# What you should do
Could you filter the records below down to the lines that include the word "Monogram"?

# Items from a dataset
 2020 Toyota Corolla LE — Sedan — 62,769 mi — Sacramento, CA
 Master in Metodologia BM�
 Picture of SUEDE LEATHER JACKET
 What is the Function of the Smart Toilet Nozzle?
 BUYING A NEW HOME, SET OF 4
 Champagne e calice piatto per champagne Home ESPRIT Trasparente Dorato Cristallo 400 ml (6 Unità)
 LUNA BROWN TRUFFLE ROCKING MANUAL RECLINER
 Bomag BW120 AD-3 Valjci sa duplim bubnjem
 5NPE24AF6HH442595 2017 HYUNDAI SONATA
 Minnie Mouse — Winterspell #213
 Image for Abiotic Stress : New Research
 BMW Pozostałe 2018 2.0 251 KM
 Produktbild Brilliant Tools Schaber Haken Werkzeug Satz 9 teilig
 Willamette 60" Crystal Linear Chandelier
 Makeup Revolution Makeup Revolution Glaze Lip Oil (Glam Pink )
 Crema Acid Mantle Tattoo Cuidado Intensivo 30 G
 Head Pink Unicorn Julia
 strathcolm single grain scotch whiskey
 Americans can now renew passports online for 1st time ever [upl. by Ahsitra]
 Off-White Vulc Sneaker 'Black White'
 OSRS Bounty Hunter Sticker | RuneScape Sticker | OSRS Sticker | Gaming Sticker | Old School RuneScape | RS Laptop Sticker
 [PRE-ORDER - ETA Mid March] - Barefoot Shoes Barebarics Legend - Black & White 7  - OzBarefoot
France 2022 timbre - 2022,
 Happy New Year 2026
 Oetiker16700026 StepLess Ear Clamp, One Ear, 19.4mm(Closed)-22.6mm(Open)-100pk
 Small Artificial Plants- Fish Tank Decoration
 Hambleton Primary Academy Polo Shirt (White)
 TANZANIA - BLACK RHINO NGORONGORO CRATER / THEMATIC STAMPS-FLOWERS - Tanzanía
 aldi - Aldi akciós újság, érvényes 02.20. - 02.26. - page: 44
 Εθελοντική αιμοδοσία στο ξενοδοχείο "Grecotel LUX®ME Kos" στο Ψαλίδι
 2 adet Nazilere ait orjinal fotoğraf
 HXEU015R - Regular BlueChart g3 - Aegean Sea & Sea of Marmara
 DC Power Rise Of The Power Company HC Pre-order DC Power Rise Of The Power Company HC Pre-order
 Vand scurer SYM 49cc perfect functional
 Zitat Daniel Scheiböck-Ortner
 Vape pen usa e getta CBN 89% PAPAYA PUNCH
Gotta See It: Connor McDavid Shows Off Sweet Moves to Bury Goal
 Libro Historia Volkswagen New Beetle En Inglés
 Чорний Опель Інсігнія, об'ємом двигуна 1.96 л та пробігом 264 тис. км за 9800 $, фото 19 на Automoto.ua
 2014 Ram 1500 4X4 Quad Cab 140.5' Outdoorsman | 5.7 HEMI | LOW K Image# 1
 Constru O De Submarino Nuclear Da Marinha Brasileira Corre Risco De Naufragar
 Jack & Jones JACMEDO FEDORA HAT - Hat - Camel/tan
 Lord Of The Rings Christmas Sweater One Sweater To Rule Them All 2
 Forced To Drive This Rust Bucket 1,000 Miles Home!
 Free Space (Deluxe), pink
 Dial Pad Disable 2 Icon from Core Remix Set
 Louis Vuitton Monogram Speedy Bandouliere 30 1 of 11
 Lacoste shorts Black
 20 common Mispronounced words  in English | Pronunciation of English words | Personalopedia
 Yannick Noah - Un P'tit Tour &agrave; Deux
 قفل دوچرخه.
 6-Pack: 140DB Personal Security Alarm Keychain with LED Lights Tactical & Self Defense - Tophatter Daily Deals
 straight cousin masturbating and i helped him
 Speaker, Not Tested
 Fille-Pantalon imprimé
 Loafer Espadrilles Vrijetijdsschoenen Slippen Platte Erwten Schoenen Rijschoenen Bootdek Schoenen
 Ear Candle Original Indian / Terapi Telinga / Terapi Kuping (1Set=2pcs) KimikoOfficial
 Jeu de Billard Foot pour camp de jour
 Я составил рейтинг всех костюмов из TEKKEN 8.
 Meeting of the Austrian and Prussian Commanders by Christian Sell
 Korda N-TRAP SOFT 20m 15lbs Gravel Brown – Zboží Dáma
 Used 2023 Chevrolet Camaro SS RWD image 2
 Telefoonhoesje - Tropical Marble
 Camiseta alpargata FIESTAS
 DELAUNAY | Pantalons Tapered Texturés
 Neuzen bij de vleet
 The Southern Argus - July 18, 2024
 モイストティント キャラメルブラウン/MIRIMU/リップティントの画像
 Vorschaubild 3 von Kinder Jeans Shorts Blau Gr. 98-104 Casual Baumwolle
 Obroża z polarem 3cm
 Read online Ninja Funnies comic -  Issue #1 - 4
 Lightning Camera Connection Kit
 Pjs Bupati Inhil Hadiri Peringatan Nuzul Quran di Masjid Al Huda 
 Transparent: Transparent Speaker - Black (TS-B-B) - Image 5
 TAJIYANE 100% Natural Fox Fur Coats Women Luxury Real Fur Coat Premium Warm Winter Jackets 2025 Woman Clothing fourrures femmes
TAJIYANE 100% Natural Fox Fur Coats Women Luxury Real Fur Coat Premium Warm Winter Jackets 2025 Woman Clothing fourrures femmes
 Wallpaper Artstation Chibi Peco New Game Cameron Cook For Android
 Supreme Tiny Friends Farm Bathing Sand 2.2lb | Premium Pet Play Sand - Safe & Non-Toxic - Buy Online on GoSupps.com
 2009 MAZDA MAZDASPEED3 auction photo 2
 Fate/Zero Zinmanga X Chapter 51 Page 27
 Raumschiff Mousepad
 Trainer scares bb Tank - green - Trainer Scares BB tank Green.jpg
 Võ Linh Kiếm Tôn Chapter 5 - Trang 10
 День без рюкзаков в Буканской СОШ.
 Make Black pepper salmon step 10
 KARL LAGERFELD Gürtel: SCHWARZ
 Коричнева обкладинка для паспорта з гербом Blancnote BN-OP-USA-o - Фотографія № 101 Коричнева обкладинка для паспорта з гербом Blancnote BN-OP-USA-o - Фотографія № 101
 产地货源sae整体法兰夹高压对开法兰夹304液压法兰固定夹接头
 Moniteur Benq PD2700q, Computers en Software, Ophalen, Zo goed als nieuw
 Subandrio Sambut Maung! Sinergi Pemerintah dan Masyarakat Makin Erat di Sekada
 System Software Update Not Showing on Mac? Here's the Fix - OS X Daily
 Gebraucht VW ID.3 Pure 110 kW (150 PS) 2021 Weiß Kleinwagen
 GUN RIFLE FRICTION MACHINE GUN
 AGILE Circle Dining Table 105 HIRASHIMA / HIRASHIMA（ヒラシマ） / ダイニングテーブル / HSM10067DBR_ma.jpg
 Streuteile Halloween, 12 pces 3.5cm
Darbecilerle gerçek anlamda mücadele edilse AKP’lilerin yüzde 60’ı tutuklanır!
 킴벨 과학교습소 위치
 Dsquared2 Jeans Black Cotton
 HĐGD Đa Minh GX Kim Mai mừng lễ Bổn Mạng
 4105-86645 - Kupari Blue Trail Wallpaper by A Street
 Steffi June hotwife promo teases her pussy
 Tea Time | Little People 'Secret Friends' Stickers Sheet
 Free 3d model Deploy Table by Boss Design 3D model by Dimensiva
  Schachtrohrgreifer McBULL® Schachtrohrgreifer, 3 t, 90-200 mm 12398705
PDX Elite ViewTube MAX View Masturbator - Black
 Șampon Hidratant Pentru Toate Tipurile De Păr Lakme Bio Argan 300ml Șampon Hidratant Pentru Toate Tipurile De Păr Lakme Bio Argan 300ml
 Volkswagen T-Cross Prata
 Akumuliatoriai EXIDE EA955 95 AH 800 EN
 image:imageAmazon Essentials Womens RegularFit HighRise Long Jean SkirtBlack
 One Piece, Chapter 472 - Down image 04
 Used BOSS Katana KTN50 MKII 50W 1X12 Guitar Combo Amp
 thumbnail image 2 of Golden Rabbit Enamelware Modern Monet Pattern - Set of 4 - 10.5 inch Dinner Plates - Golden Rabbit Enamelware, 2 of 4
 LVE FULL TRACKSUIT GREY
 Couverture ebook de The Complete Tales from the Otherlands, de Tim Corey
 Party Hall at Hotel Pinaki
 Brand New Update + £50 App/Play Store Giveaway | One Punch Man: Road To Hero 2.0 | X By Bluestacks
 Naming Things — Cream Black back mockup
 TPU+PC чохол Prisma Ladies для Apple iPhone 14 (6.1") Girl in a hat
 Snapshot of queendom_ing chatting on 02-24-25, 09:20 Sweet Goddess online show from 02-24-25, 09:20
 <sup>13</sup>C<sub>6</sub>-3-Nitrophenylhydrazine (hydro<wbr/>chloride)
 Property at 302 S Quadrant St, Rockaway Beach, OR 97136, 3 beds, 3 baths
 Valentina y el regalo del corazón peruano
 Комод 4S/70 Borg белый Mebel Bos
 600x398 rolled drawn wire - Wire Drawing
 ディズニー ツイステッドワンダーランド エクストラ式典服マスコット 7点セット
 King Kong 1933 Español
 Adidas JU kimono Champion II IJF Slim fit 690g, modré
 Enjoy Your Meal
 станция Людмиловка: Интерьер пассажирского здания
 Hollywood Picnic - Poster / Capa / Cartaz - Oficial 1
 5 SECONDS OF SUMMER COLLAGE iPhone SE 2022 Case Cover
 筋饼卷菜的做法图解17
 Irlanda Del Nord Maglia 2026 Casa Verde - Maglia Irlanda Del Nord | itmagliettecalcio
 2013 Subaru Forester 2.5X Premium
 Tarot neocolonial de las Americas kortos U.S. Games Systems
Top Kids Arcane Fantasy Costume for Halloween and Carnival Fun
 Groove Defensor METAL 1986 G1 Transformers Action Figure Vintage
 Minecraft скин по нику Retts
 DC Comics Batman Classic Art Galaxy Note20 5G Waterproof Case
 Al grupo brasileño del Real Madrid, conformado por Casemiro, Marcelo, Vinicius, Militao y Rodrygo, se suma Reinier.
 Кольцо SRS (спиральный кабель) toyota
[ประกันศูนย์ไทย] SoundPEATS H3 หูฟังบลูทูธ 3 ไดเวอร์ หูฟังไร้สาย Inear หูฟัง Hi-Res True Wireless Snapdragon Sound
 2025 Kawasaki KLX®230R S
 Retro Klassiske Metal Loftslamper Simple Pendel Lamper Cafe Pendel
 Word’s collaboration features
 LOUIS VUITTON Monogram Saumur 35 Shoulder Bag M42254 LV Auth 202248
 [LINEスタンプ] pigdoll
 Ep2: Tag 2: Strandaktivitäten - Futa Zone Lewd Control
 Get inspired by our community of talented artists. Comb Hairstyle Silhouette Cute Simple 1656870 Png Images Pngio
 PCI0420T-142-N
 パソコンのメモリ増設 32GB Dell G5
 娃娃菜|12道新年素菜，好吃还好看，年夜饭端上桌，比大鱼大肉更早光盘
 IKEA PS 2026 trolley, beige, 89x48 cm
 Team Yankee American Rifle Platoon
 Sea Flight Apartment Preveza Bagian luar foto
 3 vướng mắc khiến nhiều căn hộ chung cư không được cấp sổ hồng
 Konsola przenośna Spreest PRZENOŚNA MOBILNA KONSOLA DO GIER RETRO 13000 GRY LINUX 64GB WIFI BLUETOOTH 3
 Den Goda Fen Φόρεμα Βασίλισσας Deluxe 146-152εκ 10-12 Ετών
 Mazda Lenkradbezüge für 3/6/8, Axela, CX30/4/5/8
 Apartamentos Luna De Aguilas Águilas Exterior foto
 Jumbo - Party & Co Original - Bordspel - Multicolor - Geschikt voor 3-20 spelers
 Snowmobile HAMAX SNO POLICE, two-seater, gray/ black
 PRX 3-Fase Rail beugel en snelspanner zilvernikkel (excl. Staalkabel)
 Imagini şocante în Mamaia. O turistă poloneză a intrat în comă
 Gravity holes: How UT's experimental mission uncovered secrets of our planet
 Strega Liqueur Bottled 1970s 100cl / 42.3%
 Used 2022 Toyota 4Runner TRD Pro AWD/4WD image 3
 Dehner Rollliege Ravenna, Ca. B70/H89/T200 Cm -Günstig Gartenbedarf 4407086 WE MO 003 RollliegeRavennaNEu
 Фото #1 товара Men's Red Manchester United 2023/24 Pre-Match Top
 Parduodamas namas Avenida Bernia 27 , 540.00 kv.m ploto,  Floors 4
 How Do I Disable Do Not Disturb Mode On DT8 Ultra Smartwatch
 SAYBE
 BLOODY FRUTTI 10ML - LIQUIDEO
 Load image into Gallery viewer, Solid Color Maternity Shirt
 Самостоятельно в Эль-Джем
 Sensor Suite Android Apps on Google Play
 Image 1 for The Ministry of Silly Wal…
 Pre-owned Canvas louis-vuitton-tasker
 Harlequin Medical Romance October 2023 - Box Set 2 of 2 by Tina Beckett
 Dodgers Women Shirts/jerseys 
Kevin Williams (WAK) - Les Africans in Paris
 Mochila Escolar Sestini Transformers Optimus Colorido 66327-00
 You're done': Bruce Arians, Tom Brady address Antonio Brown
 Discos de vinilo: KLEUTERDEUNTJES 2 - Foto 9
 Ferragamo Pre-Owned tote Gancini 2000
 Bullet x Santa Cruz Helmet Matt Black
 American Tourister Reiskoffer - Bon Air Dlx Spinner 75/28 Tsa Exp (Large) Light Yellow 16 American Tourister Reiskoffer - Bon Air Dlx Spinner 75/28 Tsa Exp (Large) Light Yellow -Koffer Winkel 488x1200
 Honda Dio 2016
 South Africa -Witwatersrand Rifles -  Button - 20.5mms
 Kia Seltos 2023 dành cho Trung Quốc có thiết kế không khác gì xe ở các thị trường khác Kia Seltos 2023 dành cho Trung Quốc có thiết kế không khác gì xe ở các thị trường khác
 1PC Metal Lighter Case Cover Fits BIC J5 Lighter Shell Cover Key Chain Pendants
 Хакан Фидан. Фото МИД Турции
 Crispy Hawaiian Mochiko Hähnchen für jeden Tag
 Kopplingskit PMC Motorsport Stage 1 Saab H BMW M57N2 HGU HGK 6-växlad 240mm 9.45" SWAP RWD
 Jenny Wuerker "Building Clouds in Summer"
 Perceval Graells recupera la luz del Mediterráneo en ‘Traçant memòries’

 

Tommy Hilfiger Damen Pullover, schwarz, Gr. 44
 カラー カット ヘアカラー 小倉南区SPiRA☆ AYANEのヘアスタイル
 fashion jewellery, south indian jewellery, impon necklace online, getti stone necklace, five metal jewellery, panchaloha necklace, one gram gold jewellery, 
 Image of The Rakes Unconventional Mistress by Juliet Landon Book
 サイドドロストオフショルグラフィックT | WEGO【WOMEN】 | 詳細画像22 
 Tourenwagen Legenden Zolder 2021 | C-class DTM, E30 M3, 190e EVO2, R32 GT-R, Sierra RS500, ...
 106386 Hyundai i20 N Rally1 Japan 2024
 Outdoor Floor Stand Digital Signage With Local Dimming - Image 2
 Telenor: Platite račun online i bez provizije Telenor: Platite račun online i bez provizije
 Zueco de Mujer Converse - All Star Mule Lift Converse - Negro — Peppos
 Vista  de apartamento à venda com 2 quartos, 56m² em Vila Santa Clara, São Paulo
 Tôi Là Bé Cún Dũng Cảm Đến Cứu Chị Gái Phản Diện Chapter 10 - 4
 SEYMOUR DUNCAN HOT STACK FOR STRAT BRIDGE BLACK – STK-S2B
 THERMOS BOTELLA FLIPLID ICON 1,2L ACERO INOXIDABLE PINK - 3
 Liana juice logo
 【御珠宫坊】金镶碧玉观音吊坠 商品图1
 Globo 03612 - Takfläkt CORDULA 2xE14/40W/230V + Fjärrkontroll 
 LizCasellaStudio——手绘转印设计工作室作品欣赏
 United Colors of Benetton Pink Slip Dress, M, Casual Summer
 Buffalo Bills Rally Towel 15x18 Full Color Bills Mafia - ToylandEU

# Problem solution
 Louis Vuitton Monogram Speedy Bandouliere 30 1 of 11
 LOUIS VUITTON Monogram Saumur 35 Shoulder Bag M42254 LV Auth 202248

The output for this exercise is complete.